§ Supplied data

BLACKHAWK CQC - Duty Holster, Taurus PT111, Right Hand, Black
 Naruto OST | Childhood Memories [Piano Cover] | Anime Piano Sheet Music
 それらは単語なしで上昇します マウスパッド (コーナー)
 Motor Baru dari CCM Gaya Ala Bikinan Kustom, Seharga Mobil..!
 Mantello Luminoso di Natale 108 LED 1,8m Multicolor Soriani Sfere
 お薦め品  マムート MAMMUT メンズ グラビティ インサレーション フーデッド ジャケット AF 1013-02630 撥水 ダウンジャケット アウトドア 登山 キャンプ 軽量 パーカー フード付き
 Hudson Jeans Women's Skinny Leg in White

§ Work item
Reproduce the records above with every character intact.

§ Finished task
BLACKHAWK CQC - Duty Holster, Taurus PT111, Right Hand, Black
 Naruto OST | Childhood Memories [Piano Cover] | Anime Piano Sheet Music
 それらは単語なしで上昇します マウスパッド (コーナー)
 Motor Baru dari CCM Gaya Ala Bikinan Kustom, Seharga Mobil..!
 Mantello Luminoso di Natale 108 LED 1,8m Multicolor Soriani Sfere
 お薦め品  マムート MAMMUT メンズ グラビティ インサレーション フーデッド ジャケット AF 1013-02630 撥水 ダウンジャケット アウトドア 登山 キャンプ 軽量 パーカー フード付き
 Hudson Jeans Women's Skinny Leg in White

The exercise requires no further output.